8.17 Tax Reporting

Certain expenditures or payments for events create taxable incidents for which the Foundation must comply. Also, certain revenues generated by events or contracts create tax liabilities. Any taxable event requires the Foundation to prepare tax reports and to pay the appropriate taxes. The types of tax reporting are identified herein.

Sales and Use Tax

Unlike the University of Georgia, the University of Georgia Foundation is not exempt from sales and use taxes. It is the responsibility of the person requesting the expenditure or reimbursement to include applicable sales tax and inform the vendor that the Foundation is not exempt from such taxes. Any expenditure paid directly to the vendor by the Foundation must include applicable sales taxes. Any individual who incurs a business expense to be reimbursed by the Foundation must be sure to pay applicable sales or use tax. Check requests submitted to the Foundation with invoices that do not include sales tax will be returned for correction for all in-state (Georgia) vendors. For out-of-state vendors or web purchases, the applicable county use tax rate will be added and expensed to the appropriate Foundation fund.

Sales tax is applied to any “sale”. Sale means any transfer of title or possession, transfer of title and possession, exchange, barter, lease or rental, conditional or otherwise, in any manner or by any means of any kind of tangible personal property for a consideration and includes fabrication, furnishing, repairing, or servicing tangible personal property and transfer of possession without transfer of title [per State of Georgia Department of Revenue O.C.G.A. 48-8-2(8)].

Use tax is applied to any “use” meaning the exercise of any right or power over tangible personal property incident to the ownership of the property.
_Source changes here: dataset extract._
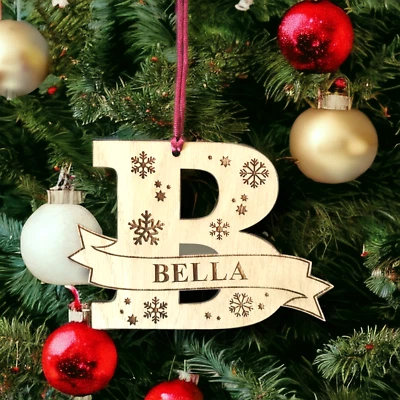 FANCY CRAFTS UK Personalised Monogram Christmas Bauble A-Z Letters Hanging Tree Wooden Name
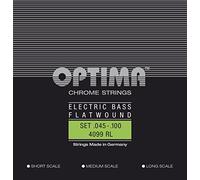 Corde Optima per basso elettrico cromate Set di corde avvolte piatte a 4 corde medie 4099M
Use tax includes the use, consumption, distribution, and storage of tangible personal property

[per State of Georgia Department of Revenue O.C.G.A. 48-8-2(12) & (13)]

The expense of the sales and use taxes will be charged to the Foundation account receiving the income or incurring the expense.

Items sold at auction are essentially a purchase, and as such will trigger state sales tax. Per Georgia state law, the applicable sales tax for each item sold at auction will be charged back to the appropriate Foundation fund and remitted to the state. Please note that Foundation funds cannot be used to purchase items for auctions; such items must be donated or purchased by other means.

More information on applicable sales and use taxes on income or expenses can be found at the Georgia Department of Revenue homepage. Please contact the Expenditure Control Department within the Foundation Office for questions.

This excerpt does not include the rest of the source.